With heated competition between department store anchors and steady pressure frominventive specialty retailers, it's often left to design to distinguish one department store from the next. Dogged by sameness, perceived stodginess and stale customer service, the department store sector is starting to think outside its rather large box.
In a world of time-constrained shoppers, department stores have an edge over the smaller, lifestyle retailers: They are a one-stop shopping destination with extensive square footage and multiple product categories. As a result, department store designs are exploiting these strengths with fewer walls and dividers, higher light levels, more inventive merchandising and increased amenities.
Still, mall department stores often look for cues from specialty retailers, and vice versa.
"Specialty stores are typically focused at a much more targeted customer base, so they need to be a more focused machine," says Stephen Terry, COO for Fort Lauderdale, Fla.-based Pavlik Design Team. "Department stores, however, tend to have a much broader market identity. But they both need that focus, and they look to each other to see how the other player is executing it."
Open up and say "Wow"
In an attempt to further hone their identity, department stores have made key changes in execution. The dramatically shaded, rigidly sectioned days of department stores are officially over, says Rudolph V. Javosky, senior vice president of design and construction for Cincinnati-based Federated Department Stores Inc.

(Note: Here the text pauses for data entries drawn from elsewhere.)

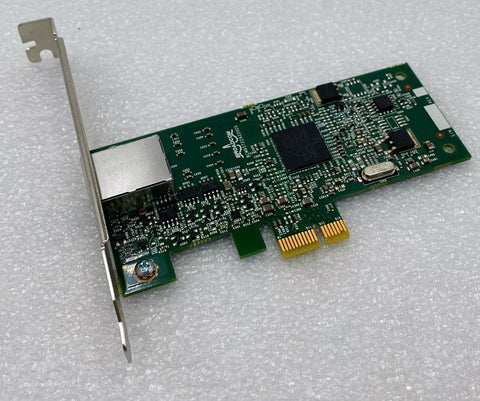 Dell 9RJTC Broadcom 5722 Gigabit NIC 1GbE PCI-E x1 Network Interface Card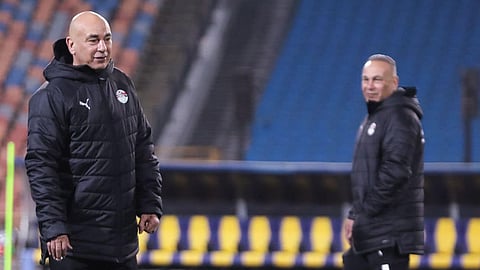 حسام حسن-منتخب مصر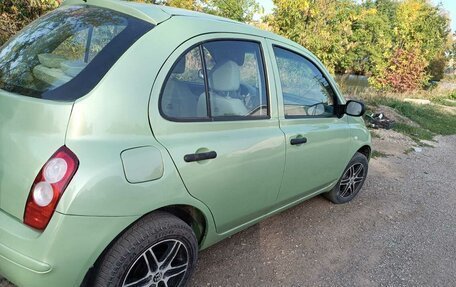 Nissan Micra III, 2005 год, 450 000 рублей, 12 фотография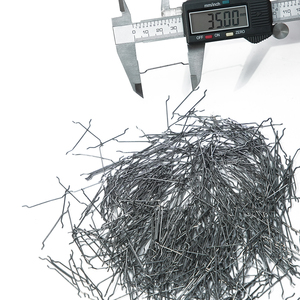 Gancho de alambre de fibra de acero estirado en frío, monofilamento, duradero, marca Jiudi, de alta resistencia a la tracción, para suelos de talleres y almacenes. - Product Image 3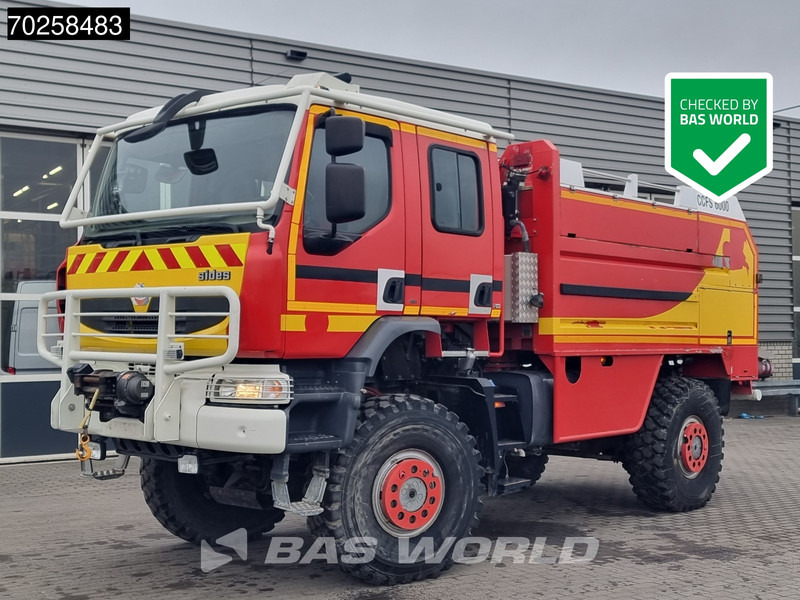Renault 4X4 Renault / Thomas Sides 6000 Ltr 4x4 Euro 5 Feuerwehr - Hasičský vůz: obrázek 1 Renault 4X4 Renault / Thomas Sides 6000 Ltr 4x4 Euro 5 Feuerwehr - Hasičský vůz: obrázek 1
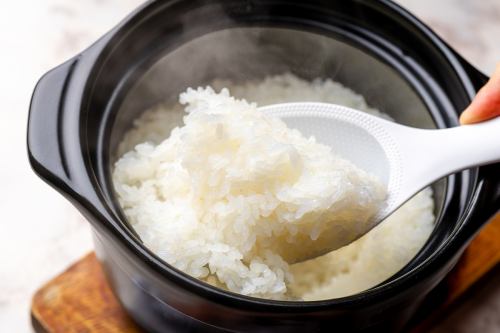 焼肉芯 名物 土鍋炊きご飯
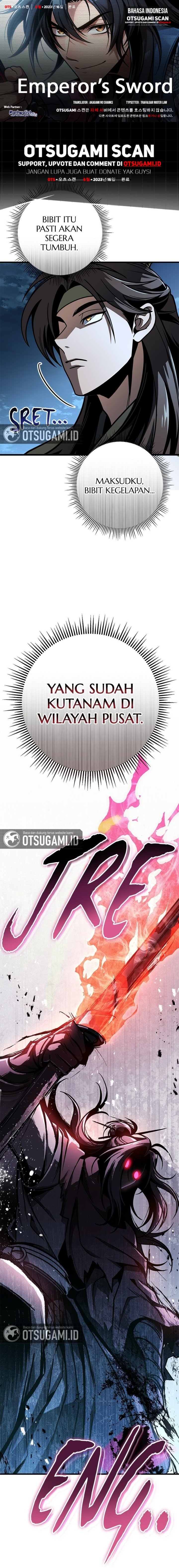 Baca The Emperor's Sword - Chapter 106 halaman 1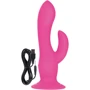 Вибратор с присоской Rechargeable Wireless Pleaser Pink, 10.7x3.7 см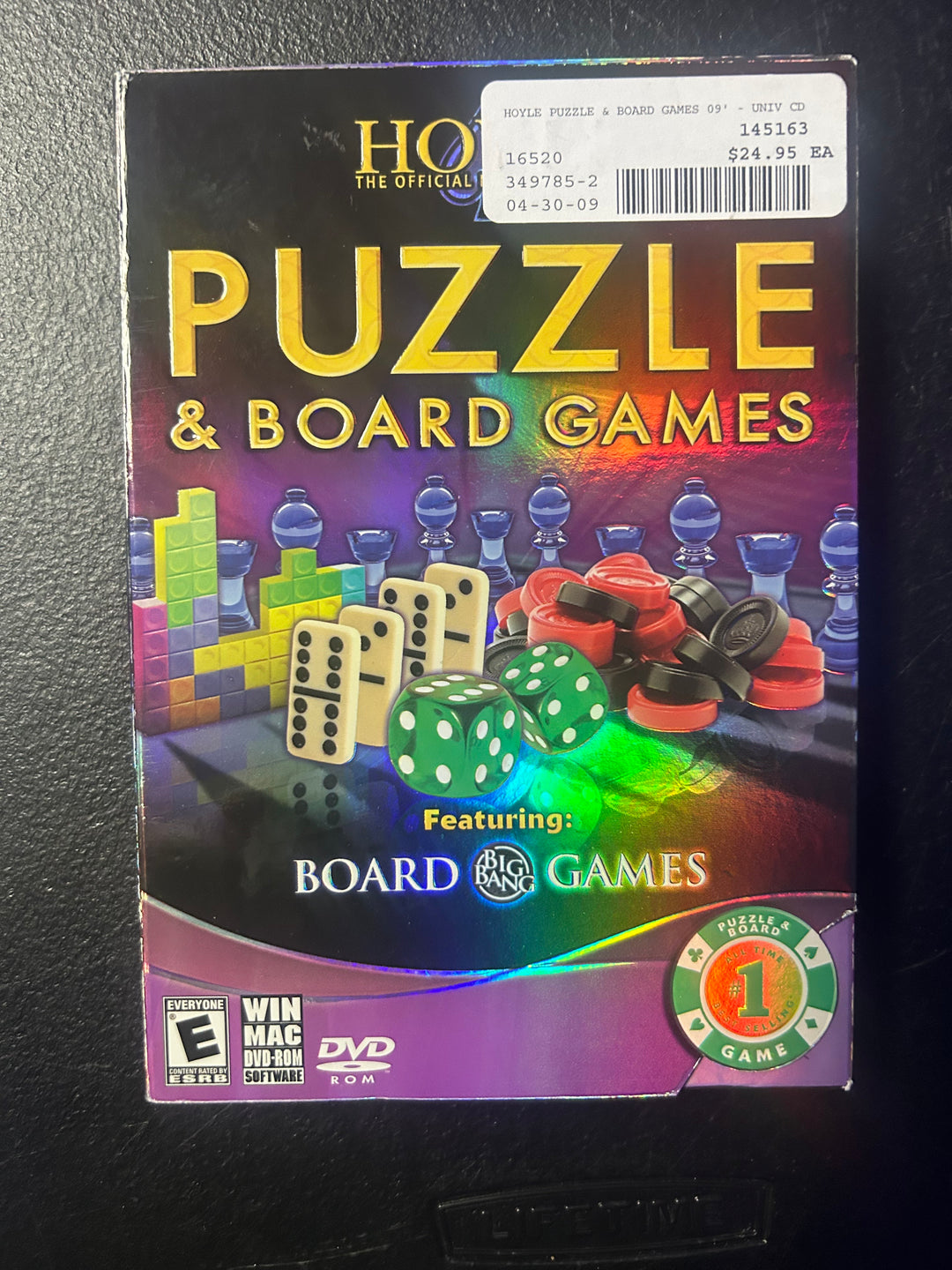 Hoyle Puzzle & Board Games - PC PC121925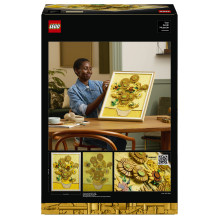 LEGO ART Vincent van Gogh - Saulėgrąžos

"We have clearly moved in the direction of opening up the stores," he says. "We have fewer interruptive walls and we've gotten away from department categorization. The old Macy's store had that - a grand walkway down the center of the store, with departments set in their own boutique-type setting."
Today, he says, clear sight lines are made possible by freestanding, transparent selling walls that customers can see over or see through. That way, customers can walk into the store and shop immediately.
Jay Fitzpatrick, president and creative director of New York-based Fitzpatrick Design Group, notes that an uncluttered selling environment spells relief to road-weary shoppers. He points to the company's oval-shaped coliseum design plan, executed in all Fitzpatrick's projects, including Mason Blanche.
"If a store is designed with an oval plan, there are no decisions to be made by the consumer," he says. "They come in and they immediately get it. They look to the right and see the men's department; they look to the left and see women's wear."
Robert Young, founder and CEO of Dallas-based Robert Young Associates, notes that department stores are looking to bust out of the basic store design with open sight plans. "This is one concept that is absolutely driving Bloomingdale's," he says. "Their stores have been much more free-flowing, with free-formed merchandise. No matter where customers turn, they are bombarded with new ideas and places to buy."
However, achieving such a visual onslaught is difficult without walls as a backdrop. "The open plan presents a challenge," Terry says. "Segmentation offered a better opportunity to define the space environmentally, to define the mood and romance. And that's one of our objectives: to romance merchandise and make the perception (of the store) greater than reality."
In the absence of many permanent walls, he says, fixturing and flooring are used to define, and then design is extended vertically toward the ceiling.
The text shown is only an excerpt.